━━━━━ Task inputs

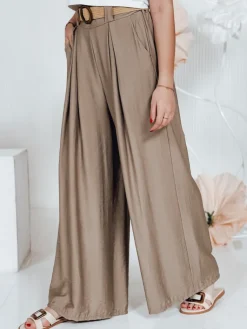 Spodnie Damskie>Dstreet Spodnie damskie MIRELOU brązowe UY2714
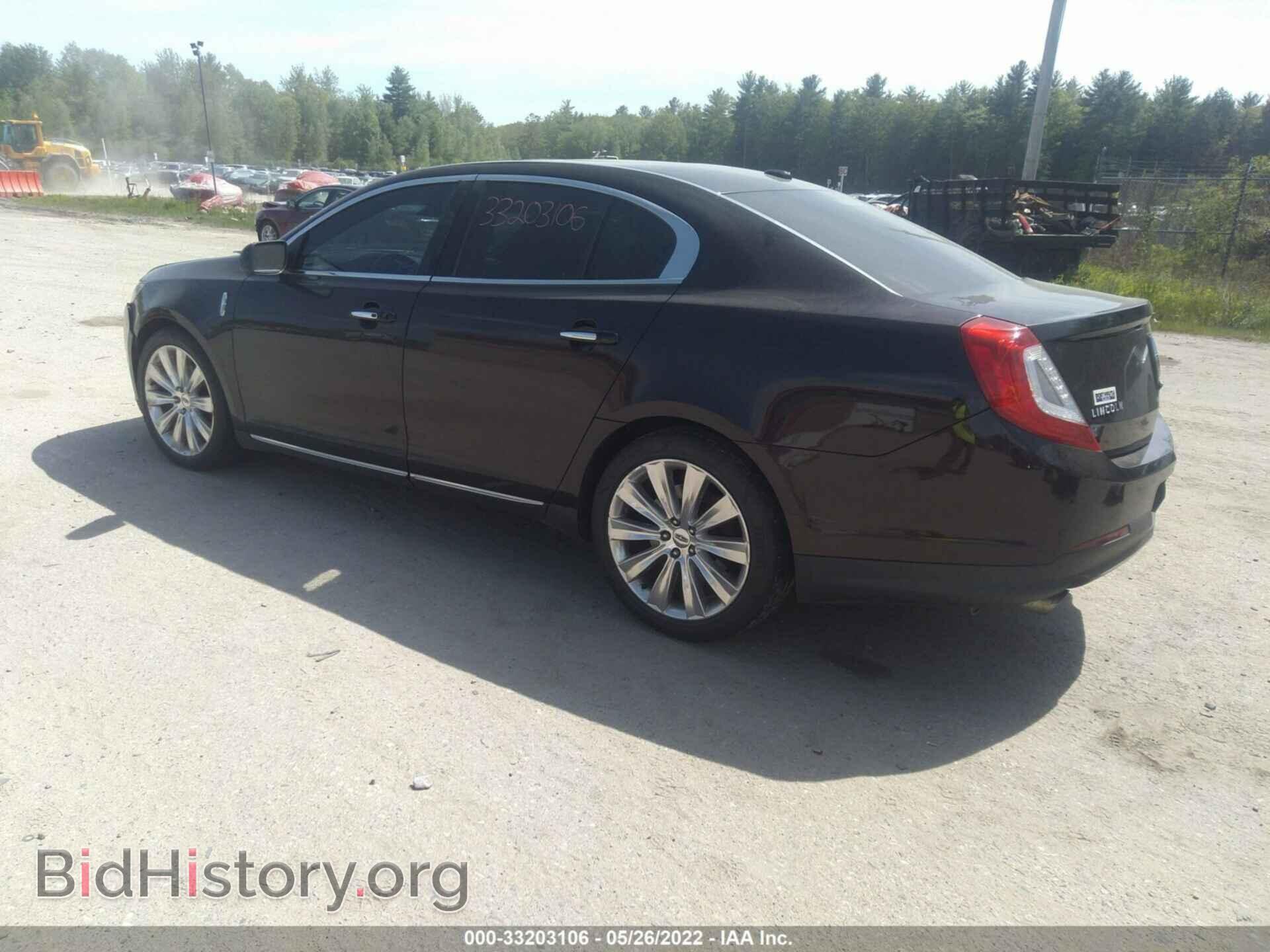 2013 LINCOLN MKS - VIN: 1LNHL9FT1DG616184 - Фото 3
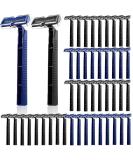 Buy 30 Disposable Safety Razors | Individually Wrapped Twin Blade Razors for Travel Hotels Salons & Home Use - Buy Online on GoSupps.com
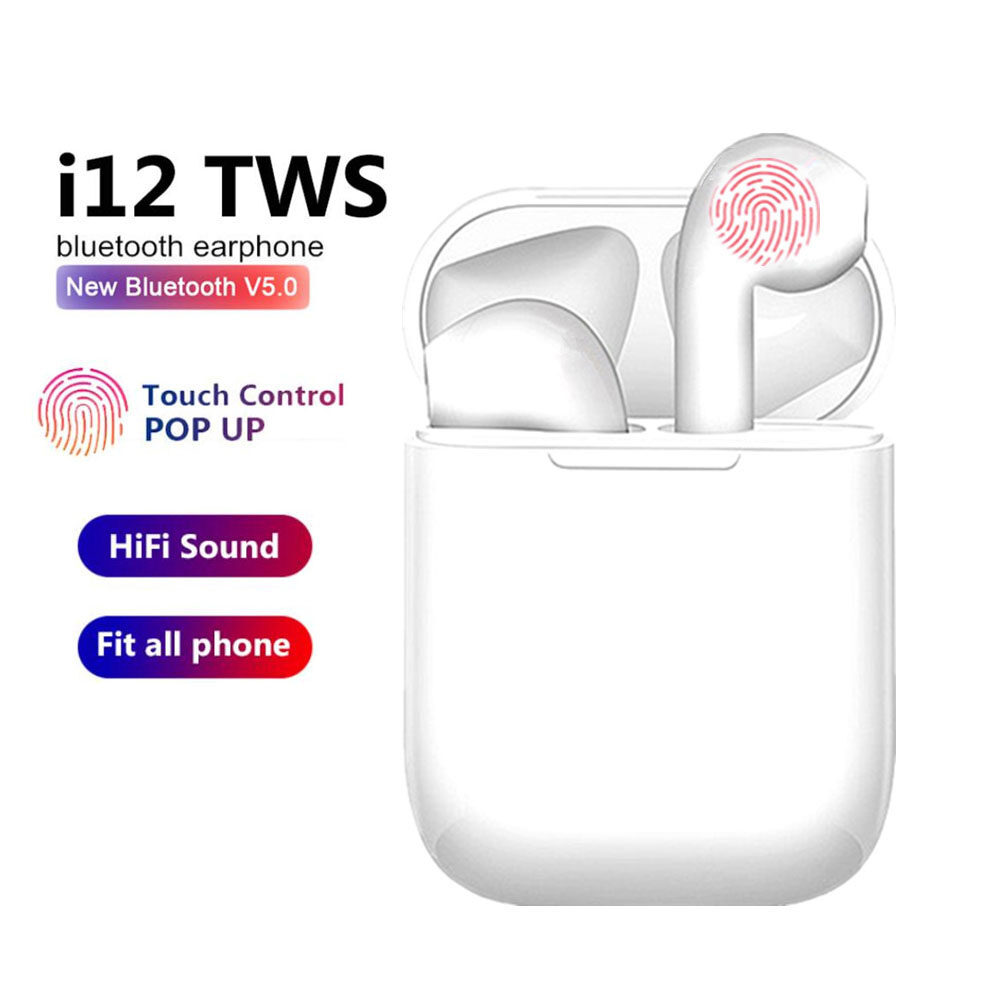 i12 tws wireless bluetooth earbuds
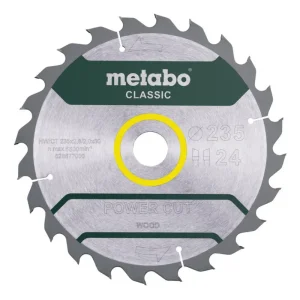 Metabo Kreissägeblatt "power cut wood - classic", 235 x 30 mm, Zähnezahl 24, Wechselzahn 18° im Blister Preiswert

━━━━━━━━━━
━━━━━ Task inputs

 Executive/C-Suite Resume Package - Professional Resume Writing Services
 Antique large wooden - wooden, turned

━━━━━━━━━━

### How to complete this task
Up in the listing, locate the line with "2013 LINCOLN MKS"; print it and every line after it down to the line with "im Blister Preiswert", which is included too. Skip the pictures.

### Expected answer
 2013 LINCOLN MKS - VIN: 1LNHL9FT1DG616184 - Фото 3
 Buy 30 Disposable Safety Razors | Individually Wrapped Twin Blade Razors for Travel Hotels Salons & Home Use - Buy Online on GoSupps.com
 i12 tws wireless bluetooth earbuds
 Metabo Kreissägeblatt "power cut wood - classic", 235 x 30 mm, Zähnezahl 24, Wechselzahn 18° im Blister Preiswert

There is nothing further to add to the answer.